◆ Your goal
Would you return the lines between the one holding "NIKE SB Zoom Nyjah 4 - White/Black" and the one holding "Ruim 2,5 kilo", inclusive, and only those, exactly as they stand in the listing below?

◆ The data
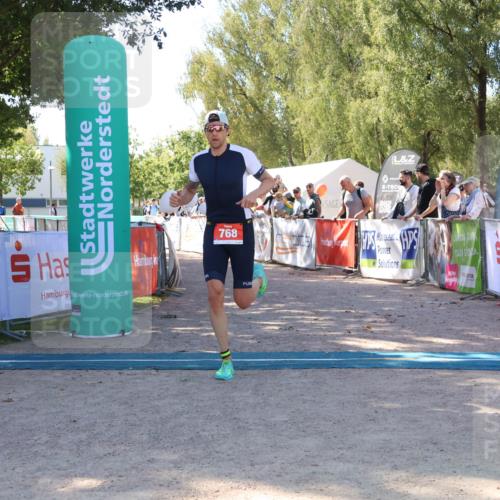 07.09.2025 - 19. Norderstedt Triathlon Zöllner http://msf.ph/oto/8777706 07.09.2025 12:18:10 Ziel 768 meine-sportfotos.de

==

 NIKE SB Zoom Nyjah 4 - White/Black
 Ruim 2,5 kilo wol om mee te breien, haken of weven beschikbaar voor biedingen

◆ Written answer
 NIKE SB Zoom Nyjah 4 - White/Black
 Ruim 2,5 kilo wol om mee te breien, haken of weven beschikbaar voor biedingen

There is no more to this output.